It’s not exactly mind blowing to find that people are less trusting post Great Recession when you consider that most everyone is poorer, the stench from the political cesspool that is Washington DC grows by the day, and few people (if any) actually know what happened with all the bailout money, but what I really found surprising from the 2010 Edelman Trust Barometer is that fewer people actually trust their friends than they did two years ago.
I get that fiscal pain has a tendency to cause everyone to become skeptical, fact checking machines, but what I find intriguing is that why would you begin to distrust your friends and peers?
I mean, we all know that “faux news” with politically slanted agendas (from both sides of the isle) isn’t exactly what one could call trustworthy, and these days, it takes a web savvy eye to discern when a popular social media user is sending a genuine tweet versus a sponsored tweet (i.e. Kim Kardashian making $10,000 per sponsored tweet), but could the rise of “tainted information” be partially to blame?
Knowing this, is it really all that surprising to find that we’re so skeptical that we only trust 1 out of 4 of our friends/peers, or is it that we’re simply less trusting across the board due to economic distress?
Graphic via AdAge.com
Looking at it from an entirely different direction, how much of the decline in trust owes to the recesssion, and how much of it was already in progress before the downturn began?

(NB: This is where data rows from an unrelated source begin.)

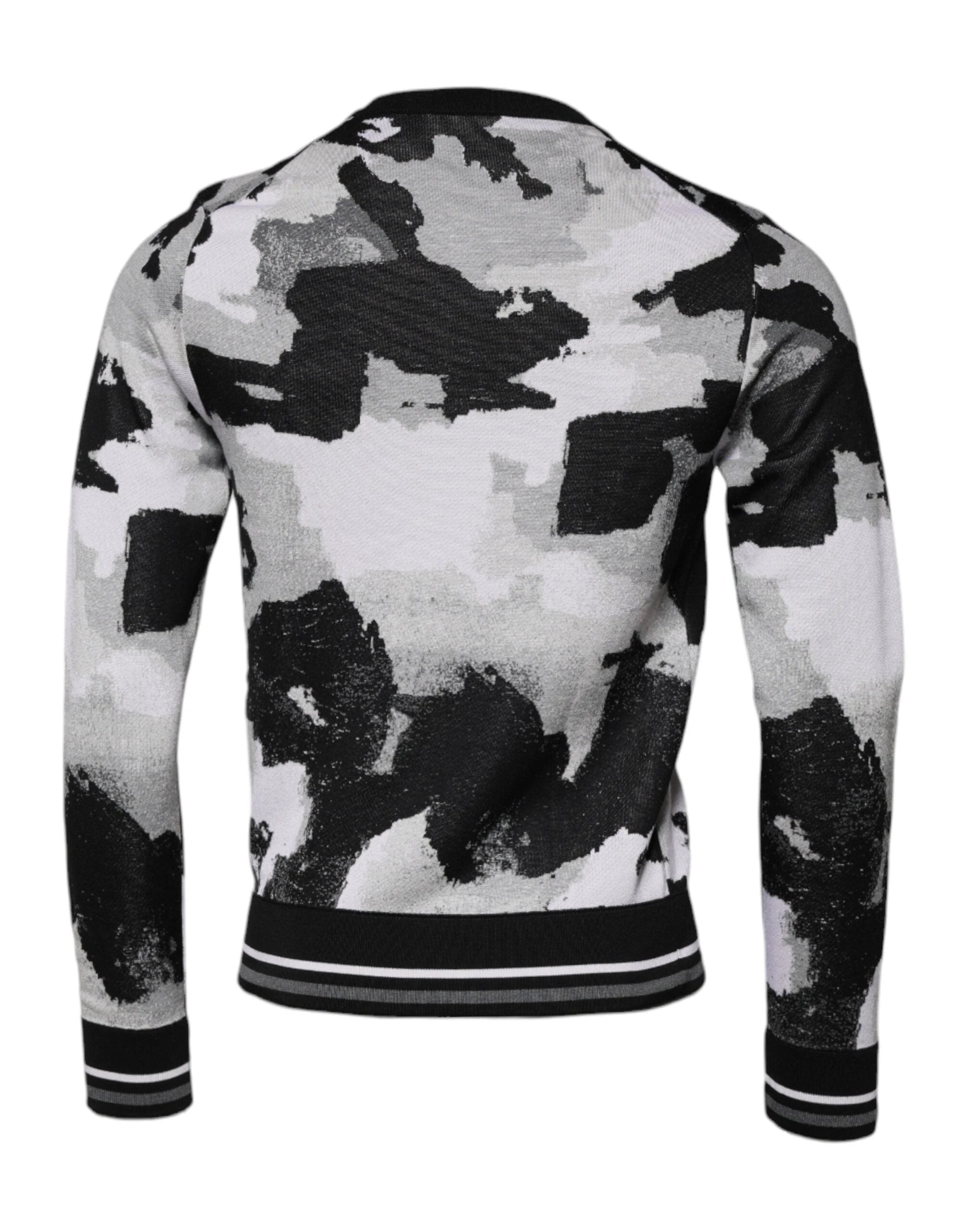 Dolce & Gabbana Multicolor Camouflage Crew Neck Men Pullover Sweater by Dolce & Gabbana
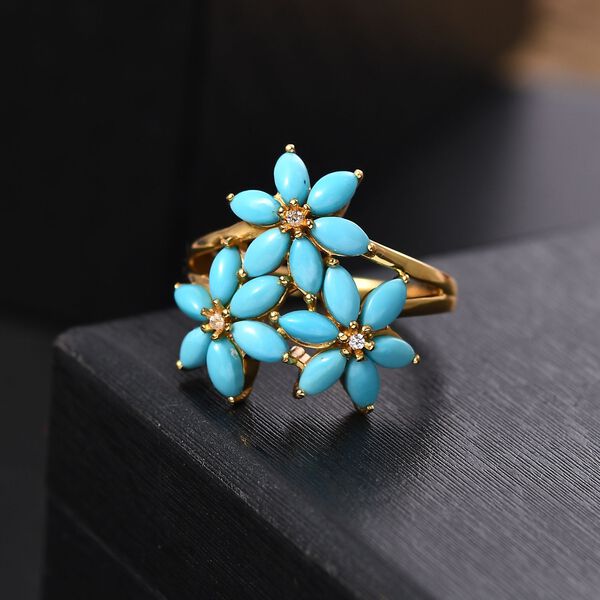 Bl&uuml;hende Blumen Sleeping Beauty T&uuml;rkis, Wei&szlig;er Zirkon Ring 925 Silber 750 Gelb Vergoldet (Gr&ouml;&szlig;e 17.00) ca. 2,39 ct image number 2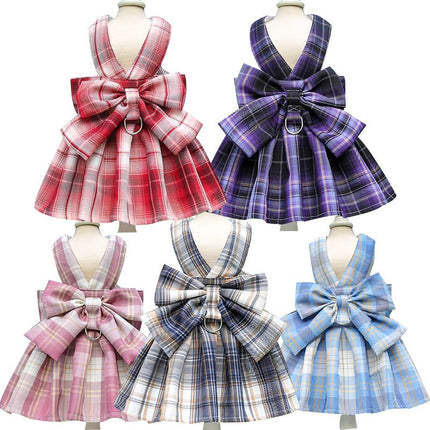 Plaid Pet Dog Cat Vest Harness with Skirt 273 Vest Traction Wine Red XS (recommended 0.50 kg-1.50 kg pets)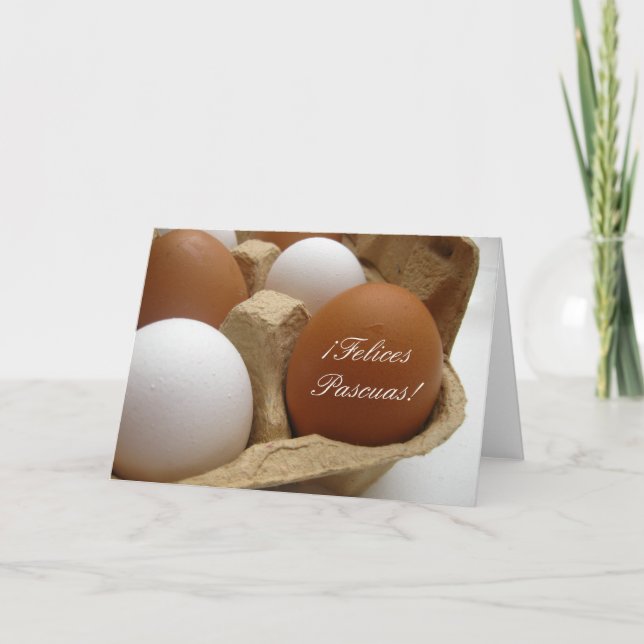 spanish easter egg greeting holiday card (Front)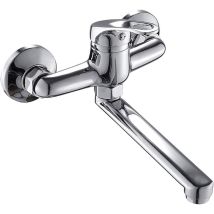 Wall Mounted Kitchen Faucet Single Lever Sink Mixer Tap Wall Mounted 360 Degree Swivel Spout Stainless Steel For Bathroom Kitchen Sink (silver)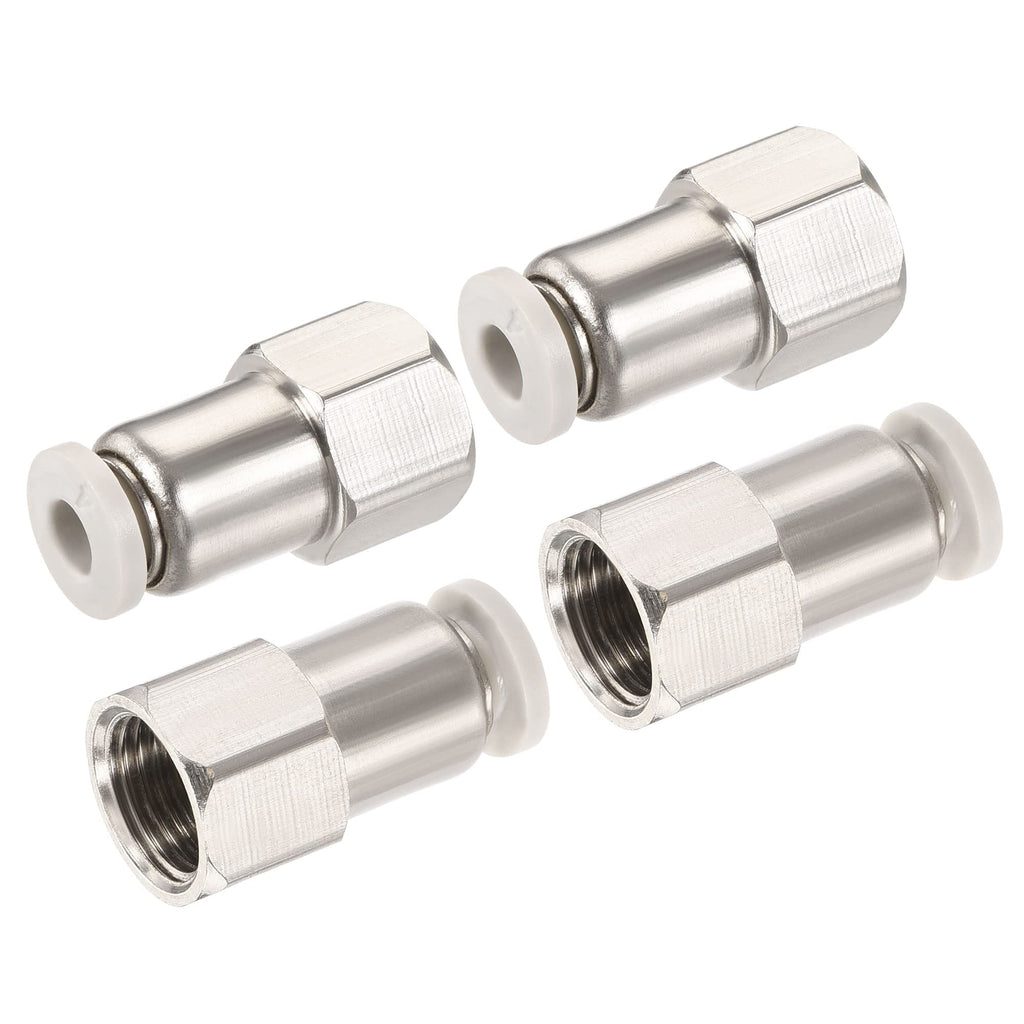 [Australia - AusPower] - MECCANIXITY Push to Connect Fittings 1/8PT Female Thread Fit 4mm Tube OD Nickel-Plated Copper Straight Union Fitting, Pack of 4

I believe the cavalcade of crime shows, putting the worst elements of society on display, has more to do with it. When I was a kid crime shows were about bank robbers and counterfeiters, now there all about serial murders and psycho rapists. The way many people immerse themselves in those shows, is it any wonder that trust for neighbors, coworkers and even family and friends is on the decline?
The six o’clock daily murder and mayhem “news programs” only add to it. We are what we put into our heads!
That’s a fair point Mike. Obama’s numbers are way down, and even die hard supporters from 2008 are being very harsh as of late. Guess that’s what happens when you over promise and under deliver.
I think there is something to that. You could probably consider today’s TV content the opposing side of a swinging pendulum considering that the 50s through 70s TV content only showed the goody goody type things (e.g. Leave it to Beaver or Brady Bunch).
One of the better theories on cultural happiness I read a few months ago postulated that since “reality shows” don’t offer positive escapism that mass media used to offer, it’s making us more unhappy. A sort of, if you show people negative things, they’ll have negative thoughts. Sounds relatively difficult to prove, but an interesting dinner conversation nonetheless.
11:38 pm
Trust has definitely been thrown out the window when someone is just trying to survive. It’s tough out there for sure!